_SUPPLIED MATERIAL_:
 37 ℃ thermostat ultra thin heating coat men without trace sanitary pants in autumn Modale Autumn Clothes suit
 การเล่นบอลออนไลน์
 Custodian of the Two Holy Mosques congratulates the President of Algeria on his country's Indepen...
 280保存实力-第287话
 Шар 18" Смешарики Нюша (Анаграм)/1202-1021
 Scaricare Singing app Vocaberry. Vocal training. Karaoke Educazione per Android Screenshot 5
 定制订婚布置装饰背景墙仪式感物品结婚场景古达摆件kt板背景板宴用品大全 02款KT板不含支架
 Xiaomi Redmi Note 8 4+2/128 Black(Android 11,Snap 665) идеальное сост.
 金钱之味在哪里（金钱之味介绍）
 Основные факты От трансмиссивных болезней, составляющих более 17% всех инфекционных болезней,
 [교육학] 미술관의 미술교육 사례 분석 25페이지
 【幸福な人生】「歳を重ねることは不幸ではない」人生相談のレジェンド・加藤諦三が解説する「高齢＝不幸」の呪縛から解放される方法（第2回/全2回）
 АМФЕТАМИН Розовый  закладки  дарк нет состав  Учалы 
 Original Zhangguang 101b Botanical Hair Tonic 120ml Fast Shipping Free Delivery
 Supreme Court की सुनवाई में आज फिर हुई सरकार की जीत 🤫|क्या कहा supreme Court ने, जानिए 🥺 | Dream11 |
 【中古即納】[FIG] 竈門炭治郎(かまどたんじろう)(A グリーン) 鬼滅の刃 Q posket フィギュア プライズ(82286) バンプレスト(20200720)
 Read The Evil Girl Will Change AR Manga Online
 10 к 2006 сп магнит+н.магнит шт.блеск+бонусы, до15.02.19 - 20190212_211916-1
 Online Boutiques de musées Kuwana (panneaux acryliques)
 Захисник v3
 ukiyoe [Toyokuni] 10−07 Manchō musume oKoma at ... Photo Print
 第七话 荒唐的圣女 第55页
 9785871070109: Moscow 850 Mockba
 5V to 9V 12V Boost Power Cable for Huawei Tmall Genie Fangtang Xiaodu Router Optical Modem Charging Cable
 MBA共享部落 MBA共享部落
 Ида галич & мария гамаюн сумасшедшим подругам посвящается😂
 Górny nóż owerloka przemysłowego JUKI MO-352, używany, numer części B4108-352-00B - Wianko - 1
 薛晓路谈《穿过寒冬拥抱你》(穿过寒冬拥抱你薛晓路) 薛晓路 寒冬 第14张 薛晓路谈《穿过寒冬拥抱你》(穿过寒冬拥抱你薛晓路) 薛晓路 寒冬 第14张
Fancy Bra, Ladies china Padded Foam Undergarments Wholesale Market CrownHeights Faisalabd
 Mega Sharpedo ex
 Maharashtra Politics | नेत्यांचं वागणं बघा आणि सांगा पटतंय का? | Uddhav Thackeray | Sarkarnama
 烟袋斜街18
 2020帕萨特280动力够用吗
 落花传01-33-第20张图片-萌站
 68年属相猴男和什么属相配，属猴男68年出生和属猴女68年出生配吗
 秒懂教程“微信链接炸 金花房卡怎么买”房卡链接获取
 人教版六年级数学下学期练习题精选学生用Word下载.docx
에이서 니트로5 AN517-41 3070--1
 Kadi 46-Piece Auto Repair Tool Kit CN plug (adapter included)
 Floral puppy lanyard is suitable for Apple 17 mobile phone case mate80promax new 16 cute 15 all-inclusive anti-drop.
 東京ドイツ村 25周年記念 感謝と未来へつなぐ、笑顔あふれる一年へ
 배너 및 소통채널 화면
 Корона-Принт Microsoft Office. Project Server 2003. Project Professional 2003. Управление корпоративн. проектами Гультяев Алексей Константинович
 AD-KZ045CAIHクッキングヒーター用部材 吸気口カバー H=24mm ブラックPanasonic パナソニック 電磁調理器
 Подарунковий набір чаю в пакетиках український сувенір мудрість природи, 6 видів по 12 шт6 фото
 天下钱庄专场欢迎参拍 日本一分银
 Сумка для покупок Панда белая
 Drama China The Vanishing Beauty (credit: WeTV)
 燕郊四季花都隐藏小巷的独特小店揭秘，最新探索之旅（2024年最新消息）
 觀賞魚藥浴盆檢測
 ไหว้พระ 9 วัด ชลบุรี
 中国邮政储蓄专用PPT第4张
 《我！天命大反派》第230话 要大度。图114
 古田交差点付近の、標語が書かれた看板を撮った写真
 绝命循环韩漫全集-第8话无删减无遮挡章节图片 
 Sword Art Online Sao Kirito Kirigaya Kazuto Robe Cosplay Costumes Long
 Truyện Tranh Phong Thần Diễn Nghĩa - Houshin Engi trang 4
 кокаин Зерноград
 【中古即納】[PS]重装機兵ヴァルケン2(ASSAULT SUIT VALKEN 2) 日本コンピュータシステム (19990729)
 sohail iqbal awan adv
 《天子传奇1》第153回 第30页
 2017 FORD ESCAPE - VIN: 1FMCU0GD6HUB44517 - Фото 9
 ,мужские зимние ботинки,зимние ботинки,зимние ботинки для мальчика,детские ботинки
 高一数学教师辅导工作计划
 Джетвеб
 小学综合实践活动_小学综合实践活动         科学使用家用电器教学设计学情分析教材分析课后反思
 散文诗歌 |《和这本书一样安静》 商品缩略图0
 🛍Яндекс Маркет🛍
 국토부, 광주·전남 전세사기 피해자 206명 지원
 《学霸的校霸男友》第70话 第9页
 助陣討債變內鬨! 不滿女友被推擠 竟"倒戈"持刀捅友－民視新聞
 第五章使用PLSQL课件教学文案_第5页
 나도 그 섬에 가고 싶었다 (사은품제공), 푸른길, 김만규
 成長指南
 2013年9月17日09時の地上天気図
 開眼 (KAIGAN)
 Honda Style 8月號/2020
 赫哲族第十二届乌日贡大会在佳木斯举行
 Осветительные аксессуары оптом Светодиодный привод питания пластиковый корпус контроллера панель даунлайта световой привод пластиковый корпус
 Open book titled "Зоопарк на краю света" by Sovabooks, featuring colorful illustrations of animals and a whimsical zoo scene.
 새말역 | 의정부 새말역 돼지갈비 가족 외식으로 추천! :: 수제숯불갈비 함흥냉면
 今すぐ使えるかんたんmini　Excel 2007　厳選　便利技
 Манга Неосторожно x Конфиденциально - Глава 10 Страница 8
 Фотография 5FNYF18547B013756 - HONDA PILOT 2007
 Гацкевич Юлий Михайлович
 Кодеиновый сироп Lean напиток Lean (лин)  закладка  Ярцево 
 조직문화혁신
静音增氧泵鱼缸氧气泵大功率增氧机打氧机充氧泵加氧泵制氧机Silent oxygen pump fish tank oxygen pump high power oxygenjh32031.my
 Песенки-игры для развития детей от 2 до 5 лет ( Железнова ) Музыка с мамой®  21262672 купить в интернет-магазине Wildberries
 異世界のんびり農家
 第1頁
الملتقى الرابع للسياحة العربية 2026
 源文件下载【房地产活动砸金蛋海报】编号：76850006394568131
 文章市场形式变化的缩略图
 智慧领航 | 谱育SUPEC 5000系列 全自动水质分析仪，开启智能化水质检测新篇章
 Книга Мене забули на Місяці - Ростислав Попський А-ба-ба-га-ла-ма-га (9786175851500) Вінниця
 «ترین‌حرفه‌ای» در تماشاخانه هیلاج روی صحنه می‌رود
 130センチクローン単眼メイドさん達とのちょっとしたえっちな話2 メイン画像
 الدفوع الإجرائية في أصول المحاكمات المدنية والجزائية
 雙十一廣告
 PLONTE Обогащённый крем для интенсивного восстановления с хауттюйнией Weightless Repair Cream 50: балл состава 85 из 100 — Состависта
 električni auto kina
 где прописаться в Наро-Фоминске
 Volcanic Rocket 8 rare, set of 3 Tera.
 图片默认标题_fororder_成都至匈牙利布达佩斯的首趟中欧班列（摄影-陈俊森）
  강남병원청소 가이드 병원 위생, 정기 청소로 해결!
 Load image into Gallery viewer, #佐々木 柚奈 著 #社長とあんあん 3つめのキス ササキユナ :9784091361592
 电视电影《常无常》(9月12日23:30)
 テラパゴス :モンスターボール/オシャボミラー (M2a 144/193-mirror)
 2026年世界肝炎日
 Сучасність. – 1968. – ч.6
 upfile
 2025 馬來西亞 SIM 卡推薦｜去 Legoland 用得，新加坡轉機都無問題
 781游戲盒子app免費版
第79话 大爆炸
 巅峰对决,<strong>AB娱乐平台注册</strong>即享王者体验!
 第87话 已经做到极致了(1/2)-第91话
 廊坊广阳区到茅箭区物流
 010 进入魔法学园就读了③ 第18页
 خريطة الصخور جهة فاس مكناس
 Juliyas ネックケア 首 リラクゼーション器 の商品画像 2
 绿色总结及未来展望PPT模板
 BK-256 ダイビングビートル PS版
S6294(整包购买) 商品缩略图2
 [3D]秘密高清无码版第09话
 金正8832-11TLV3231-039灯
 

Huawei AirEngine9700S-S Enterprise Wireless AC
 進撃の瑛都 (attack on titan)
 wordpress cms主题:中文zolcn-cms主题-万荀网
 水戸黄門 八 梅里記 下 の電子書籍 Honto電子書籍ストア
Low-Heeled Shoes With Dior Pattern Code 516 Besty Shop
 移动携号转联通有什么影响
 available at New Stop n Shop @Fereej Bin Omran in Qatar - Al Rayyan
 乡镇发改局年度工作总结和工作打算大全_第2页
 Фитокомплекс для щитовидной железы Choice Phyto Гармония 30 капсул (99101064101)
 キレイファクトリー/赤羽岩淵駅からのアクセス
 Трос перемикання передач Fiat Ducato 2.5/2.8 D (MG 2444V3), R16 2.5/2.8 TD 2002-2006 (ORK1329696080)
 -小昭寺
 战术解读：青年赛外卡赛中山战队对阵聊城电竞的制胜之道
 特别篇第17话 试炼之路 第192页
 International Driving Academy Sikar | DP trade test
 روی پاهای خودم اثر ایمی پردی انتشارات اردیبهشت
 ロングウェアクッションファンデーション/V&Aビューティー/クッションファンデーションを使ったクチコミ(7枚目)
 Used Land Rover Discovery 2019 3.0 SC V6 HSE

_TASK_: Scan the records above for the string "Repair", then copy each line where it turns up.

_TASK RESPONSE_:
 Kadi 46-Piece Auto Repair Tool Kit CN plug (adapter included)
 PLONTE Обогащённый крем для интенсивного восстановления с хауттюйнией Weightless Repair Cream 50: балл состава 85 из 100 — Состависта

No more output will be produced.